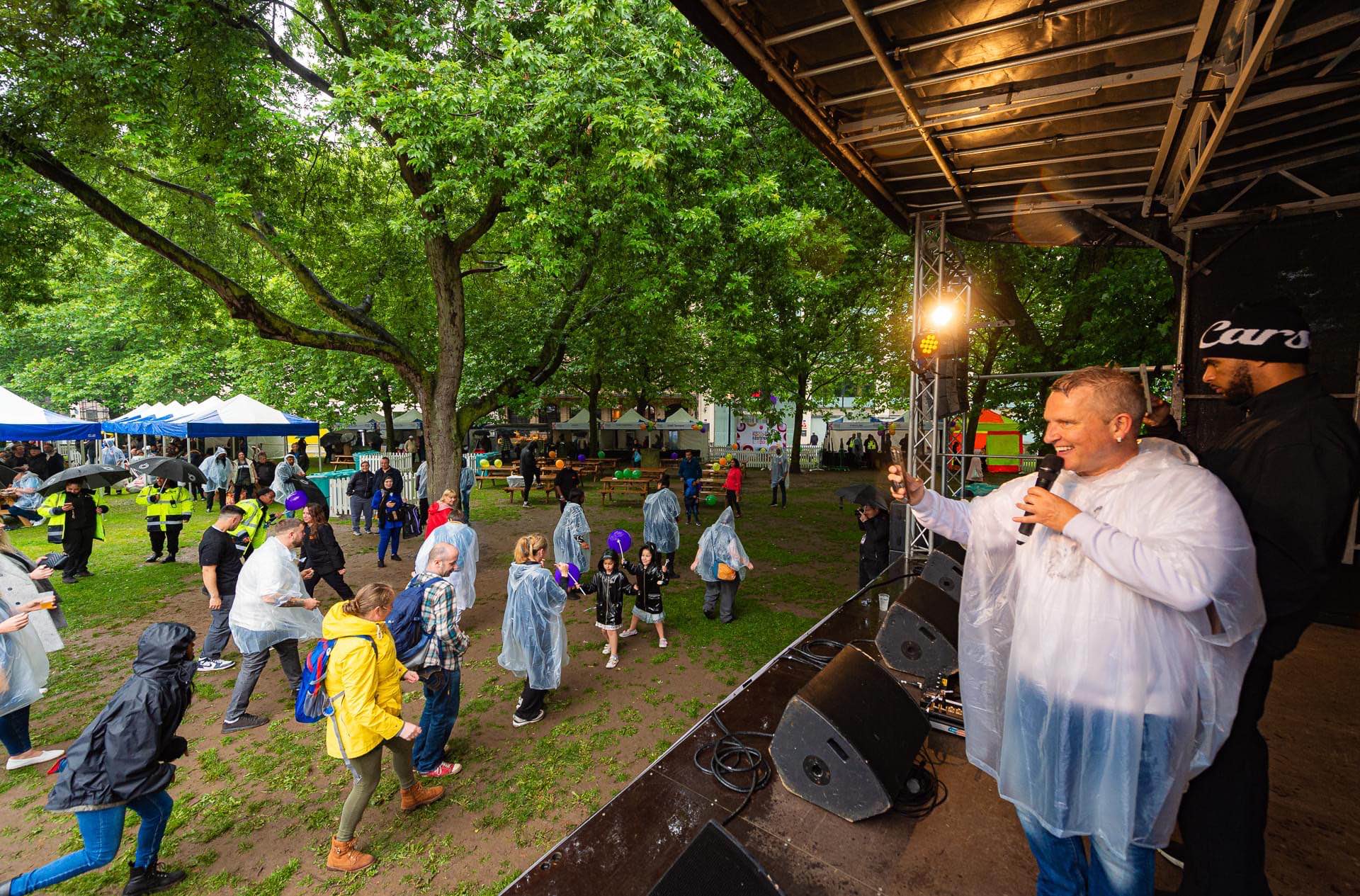 colmore food festival , colmore bid , colmore food festival 2023 , birmingham food festival 2023 , cannock sound hire , cannock sound , outdoor festival birmingham , free concert in birmingham ,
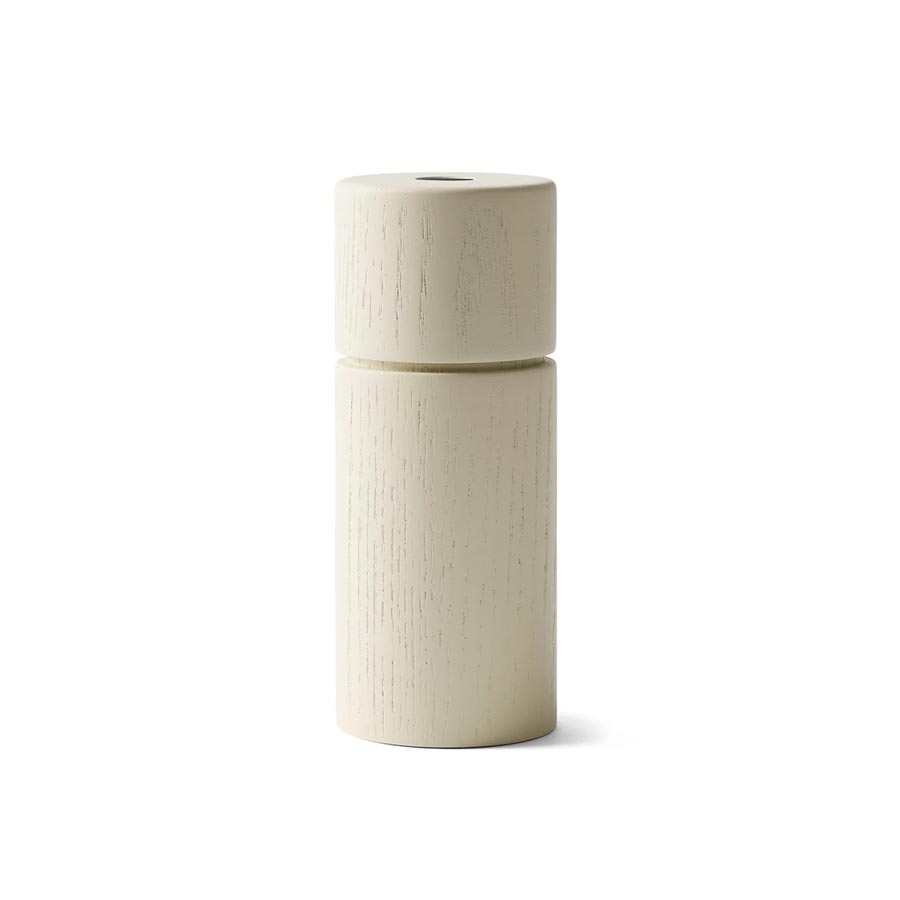 CrushGrind Bergen Salt/Pepper Mill - White Sand (12.4cm) | Koop.co.nz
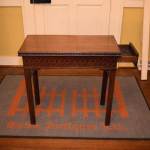 Chippendale Card Table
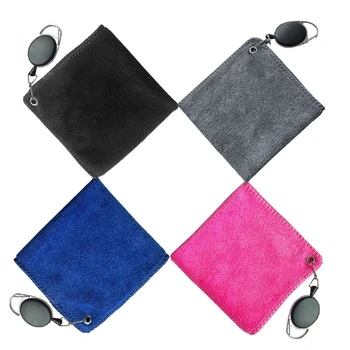Golf Microfiber Towel with Retractable Clip 1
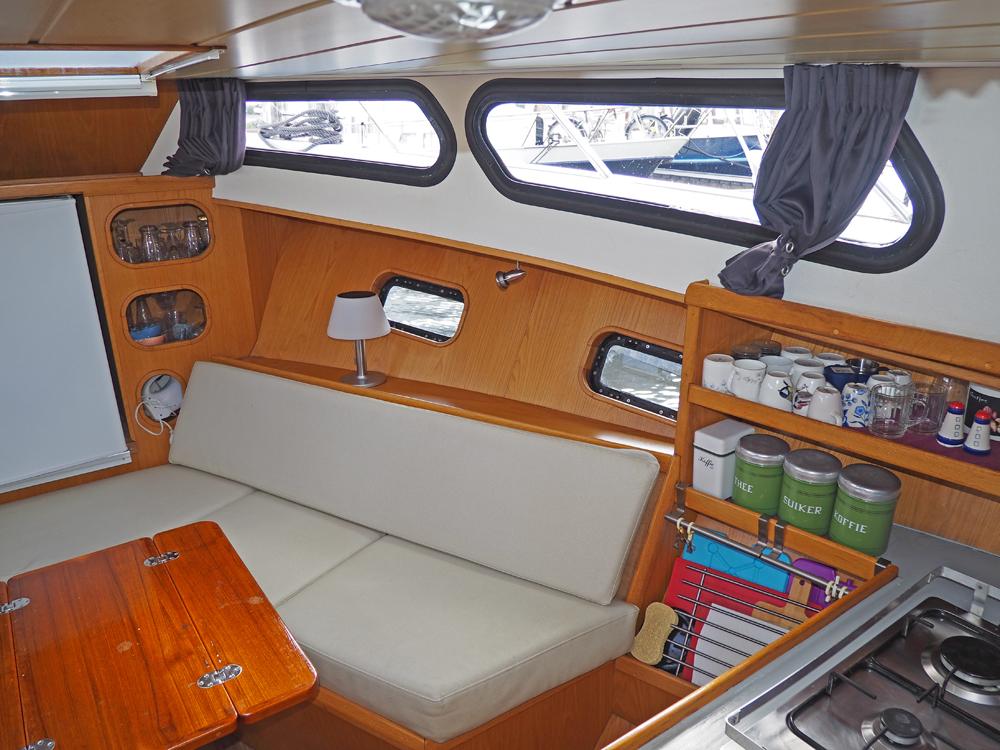 Voorschip, Accommodatie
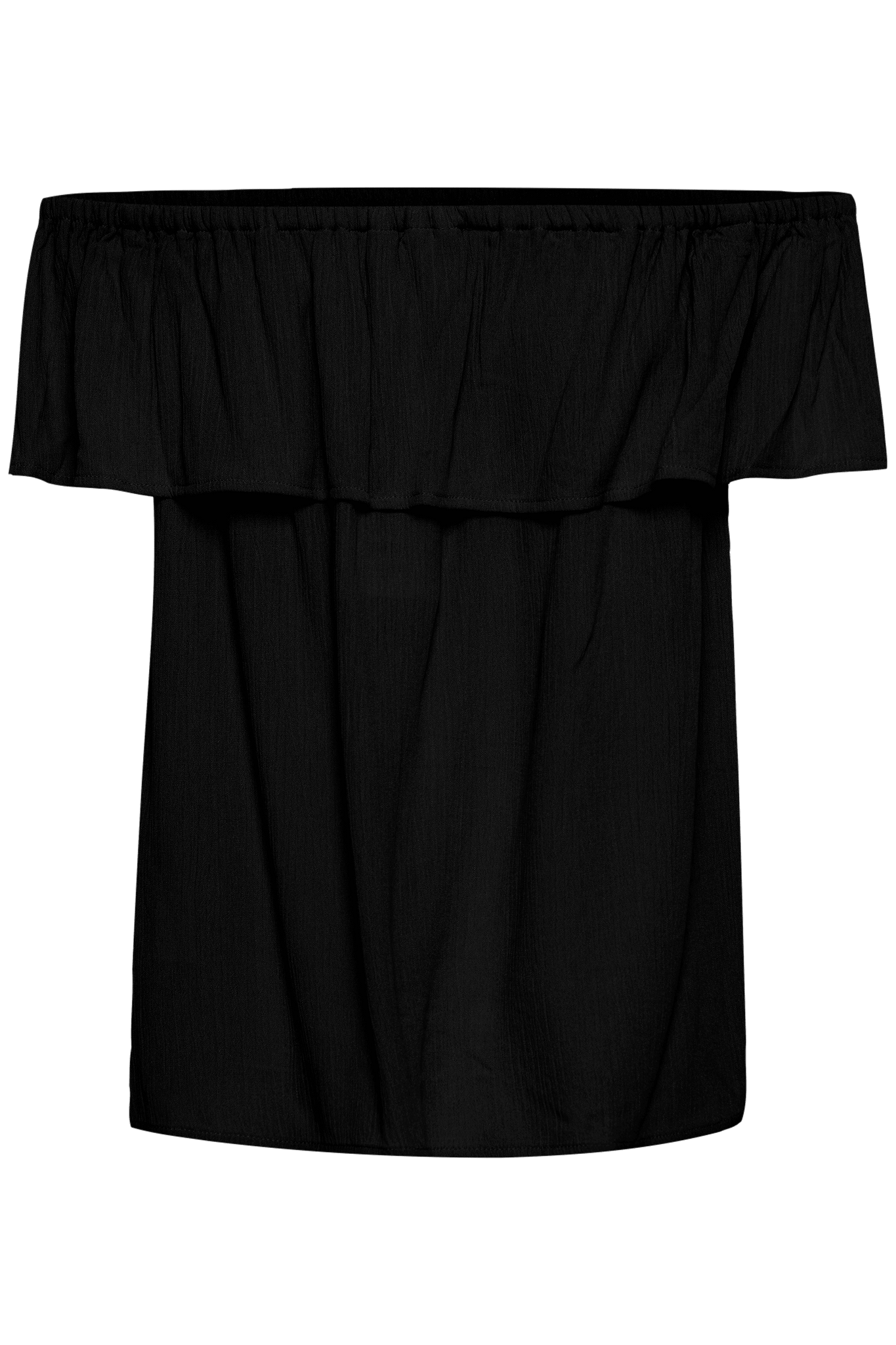 Top Marrakech Black - ECRU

● ● ● ● ●

**ACTIVITY**
Could you reproduce every record above exactly, leaving out the pictures?

**WRITTEN ANSWER**
 colmore food festival , colmore bid , colmore food festival 2023 , birmingham food festival 2023 , cannock sound hire , cannock sound , outdoor festival birmingham , free concert in birmingham ,
 CrushGrind Bergen Salt/Pepper Mill - White Sand (12.4cm) | Koop.co.nz
 Chippendale Card Table
Golf Microfiber Towel with Retractable Clip 1
 Voorschip, Accommodatie
 Top Marrakech Black - ECRU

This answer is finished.